Every third news story about the O. J. Simpson case called it the “trial of the century.” If the double murders made the Simpson case notable, then it is probably the Lizzie Borden trial of the century.

Like Simpson, Lizzie Borden was accused of a brutal double murder—of her step-mother and her father—and she hired a “dream team” of lawyers led by the former governor of Massachusetts. The trial in Fall River lasted thirteen days in 1892, and although the evidence against her was overwhelming, Lizzie was acquitted.80

Merely having a celebrity as the accused does not make the Simpson case a political trial. But the many items on the agenda beyond the double murder and the fame of the accused do qualify the two trials of O. J. Simpson as political. He was found not guilty in the 1995 criminal trial, but he was held responsible in the 1996–97 civil trial.

The two agendas in the Simpson case are: double murder, a purely legal term; and an array of public issues that constitute a political agenda. These include the creation of a national spectacle on television, the politics of racial identity, the problem of spousal abuse, the accusations of a police cover-up, the presence of a celebrity as the accused, the influence of money, the role of lawyers, the authority of the judge, the difficulties of jury selection, the possibility of jury nullification, the conflicting testimony of expert witnesses, and, finally, the overall operation of the adversary system of justice. Each of these public issues, in one way or another, touches the question of responsibility.

How accurately can the media represent—re-present or present again—what happens in the courts? The assumption that full coverage must be the most accurate coverage runs into the long-standing controversy that art faces in relation to photography: selectivity and the fact that the presence of a camera changes the subject.

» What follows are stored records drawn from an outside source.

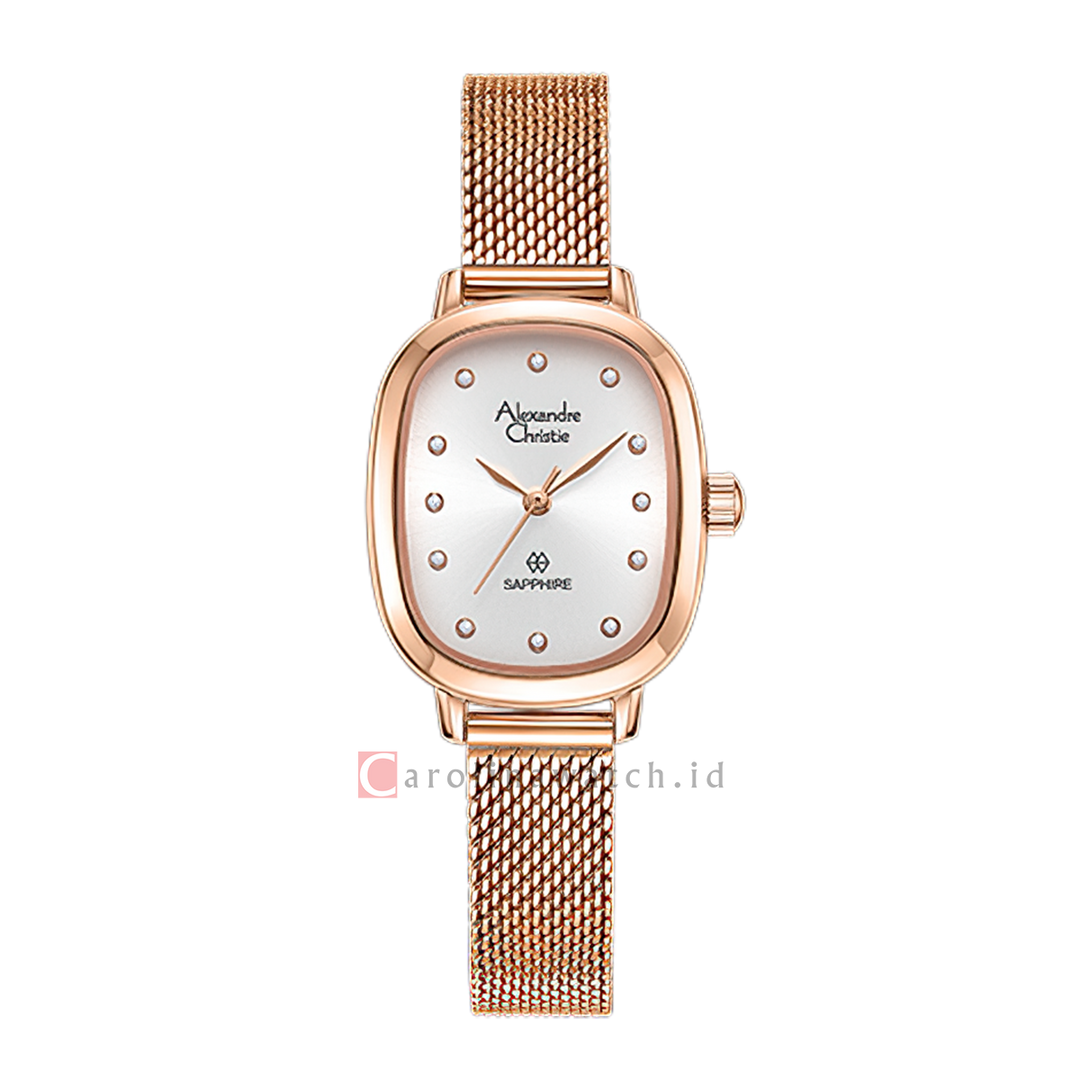 Jam Tangan Alexandre Christie AC 2B40 LHBRGSL Sapphire Women Silver Dial Rose Gold Mesh Stainless Steel Strap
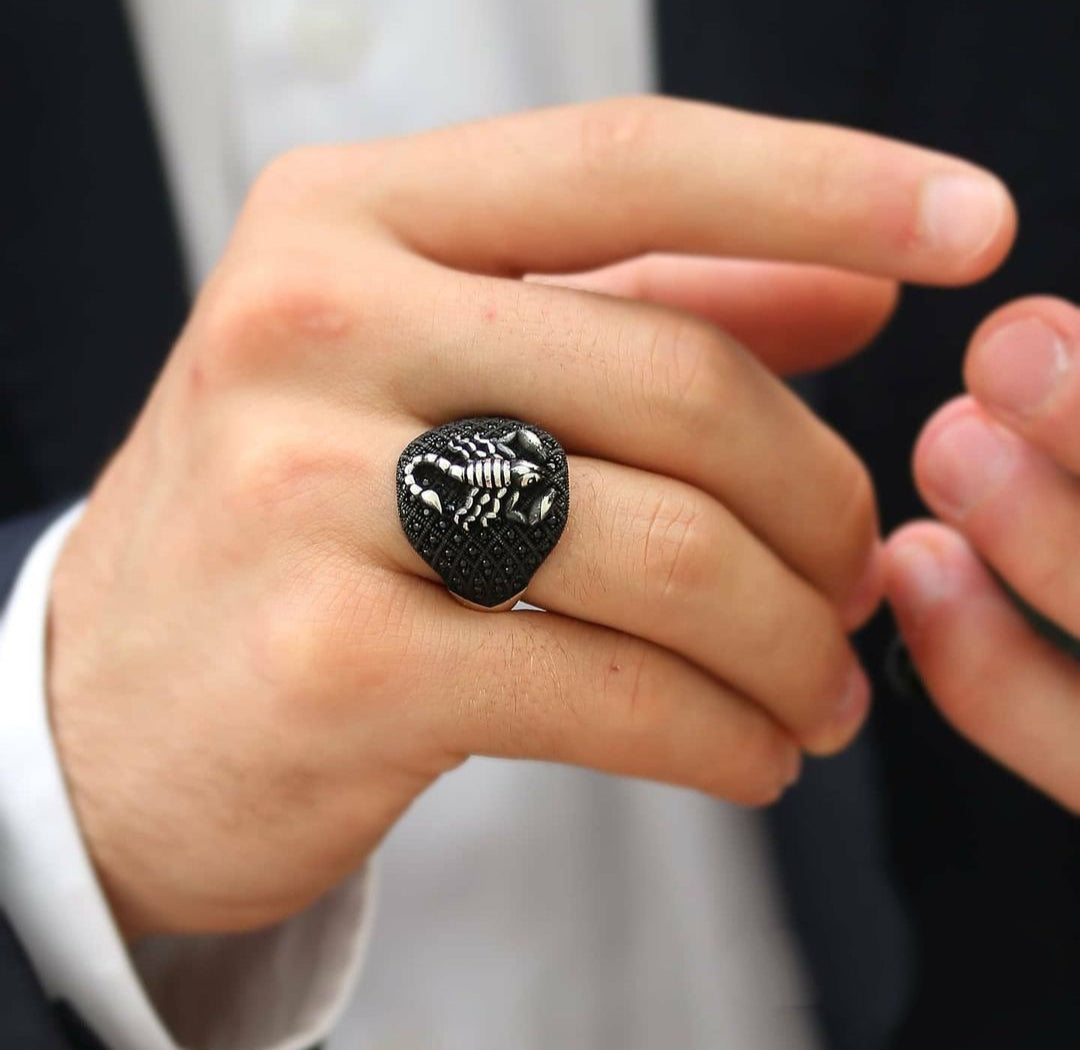 Zyan Gems | Unique Turkish Style Oxidised Silver Ring with Black Zircon|  Sterling Silver Oxidized Ring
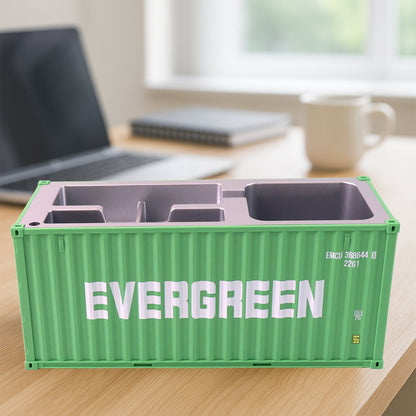 Pen holder compartment of the desk organizer with multiple sections.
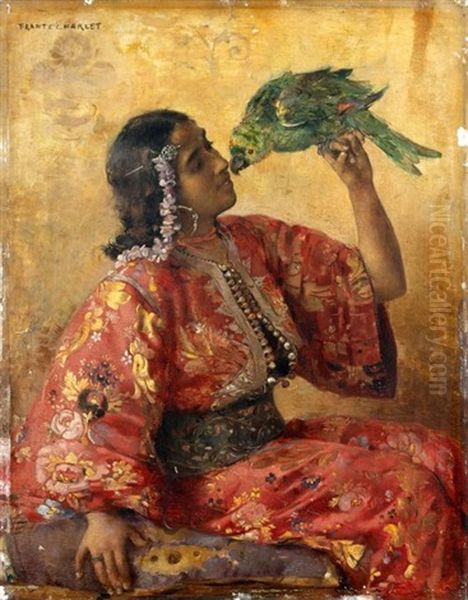 Jeune Marocaine Au Perroquet Oil Painting by Frantz Charlet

Not all trials will be given complete nationwide television coverage, only those with entertainment value. Ordinary trials, while more typical, will not attract audiences as large as those that promise spectacle. Knowledge that the trial is being broadcast will change behavior, encouraging show-time performances by witnesses, lawyers, and even the judge. They, as well as jurors, may develop visions of future talk-show appearances and book contracts.

On the other hand, without full coverage, can the media accurately show what happens in a trial, especially when television depends as heavily as it does on courthouse step news conferences where lawyers, victims, and defenders of the accused tell all that could not be told a jury, excoriate the witnesses for the other side, and lash out at the opposition? In the Simpson case we saw the fallacies of both full coverage and of courthouse step coverage. As Lincoln Caplan characterized the lack of responsible journalism in the Simpson case: it was “information delivered without knowledge, often escorted by opinion without explanation and soothsaying without heed of consequences.”81

Following soon after a series of trials involving the police beating of Rodney King and the subsequent Los Angeles riots, the Simpson criminal trial inevitably raised the agonizing race issue.82 Detective Mark Fuhrman’s racial prejudices opened the door for the defense to suggest that the bloody glove and other blood evidence were planted by him, placing race at the center of the case. The closing argument by defense attorney Johnnie Cochran came close to an appeal to the nine African Americans to acquit because of racial loyalty. Then, after a trial that lasted from January through September 1995, the fact that the jury arrived at a verdict after a mere four hours’ deliberation, looked to many as another example of a race-based decision. Finally, the televised reactions to the not guilty verdict by cheering African Americans contrasted with the stunned and somber reactions by whites presented at least the image that many African Americans considered the verdict as a recompense for the Rodney King case and many others.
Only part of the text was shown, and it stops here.